Exercise description = In the copy, include every entry exactly but none of its images.

>>>>

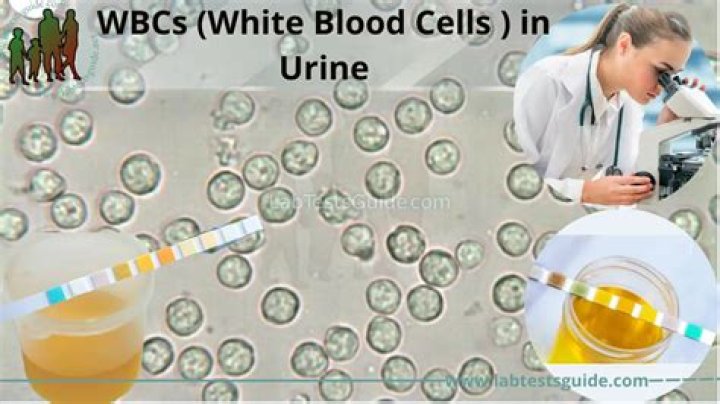 high white blood cells in urine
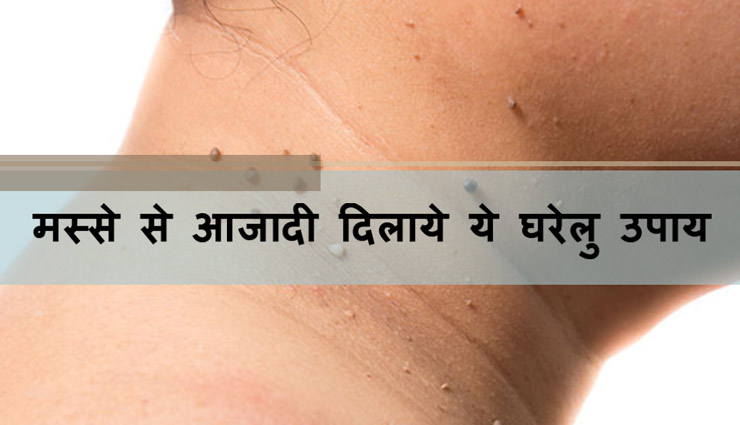 मस्से से आजादी दिलाये ये घरेलू उपाय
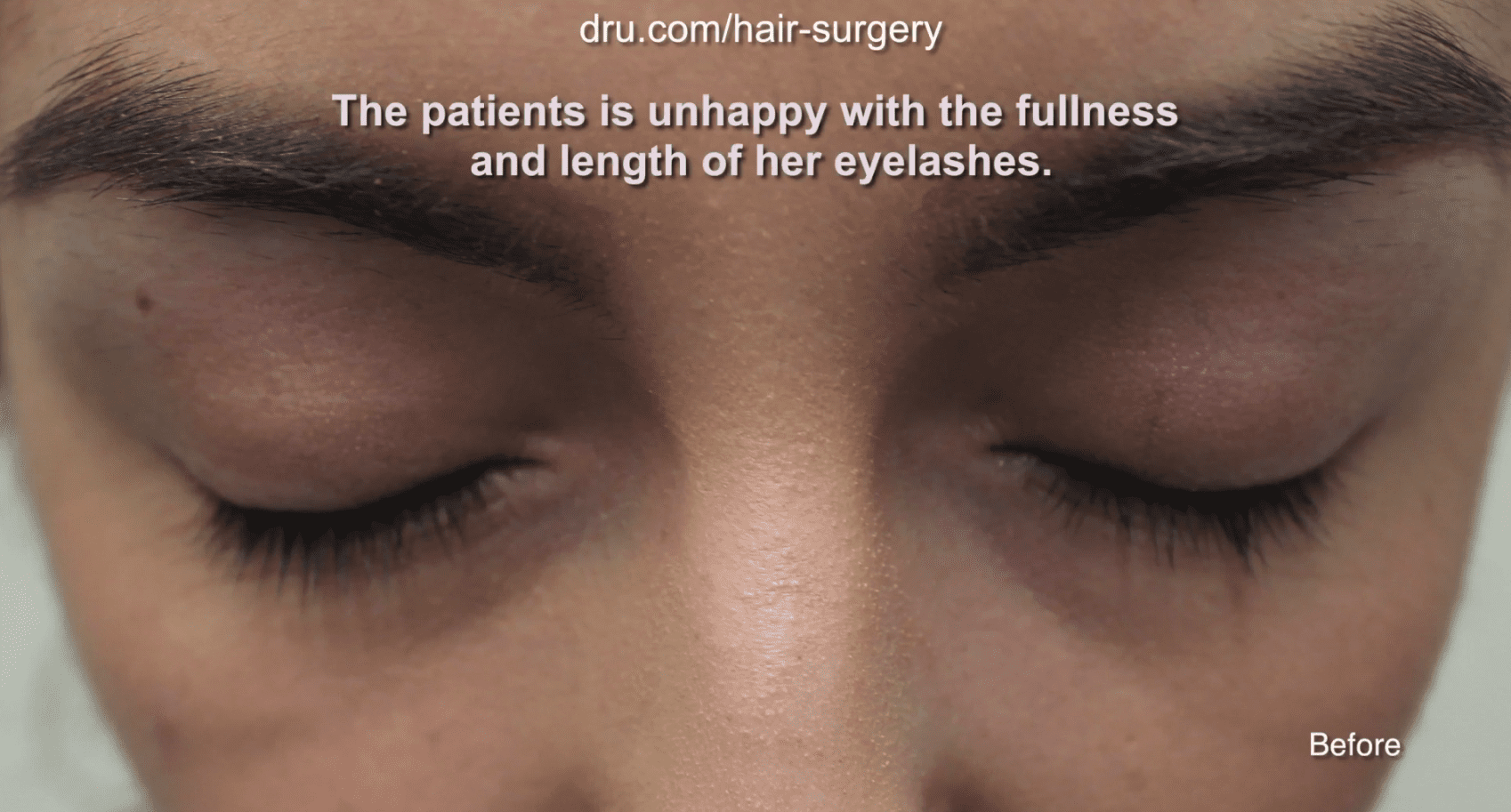 The patient was unsatisfied with the lack of density and length of her eyelashes before her eyelash hair transplantation with Dr. U. The patient was unsatisfied with the lack of density and length of her eyelashes before her eyelash hair transplantation with Dr. U.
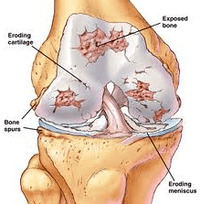 The mechanism of development of arthrosis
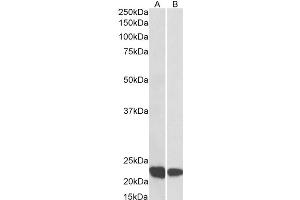 Western Blotting (WB) image for anti-Ras-Related C3 Botulinum Toxin Substrate 2 (Rho Family, Small GTP Binding Protein Rac2) (RAC2) antibody (ABIN5907554) (RAC2 抗体)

<<<<

Solution for this problem =
 high white blood cells in urine
 मस्से से आजादी दिलाये ये घरेलू उपाय
 The patient was unsatisfied with the lack of density and length of her eyelashes before her eyelash hair transplantation with Dr. U. The patient was unsatisfied with the lack of density and length of her eyelashes before her eyelash hair transplantation with Dr. U.
 The mechanism of development of arthrosis
 Western Blotting (WB) image for anti-Ras-Related C3 Botulinum Toxin Substrate 2 (Rho Family, Small GTP Binding Protein Rac2) (RAC2) antibody (ABIN5907554) (RAC2 抗体)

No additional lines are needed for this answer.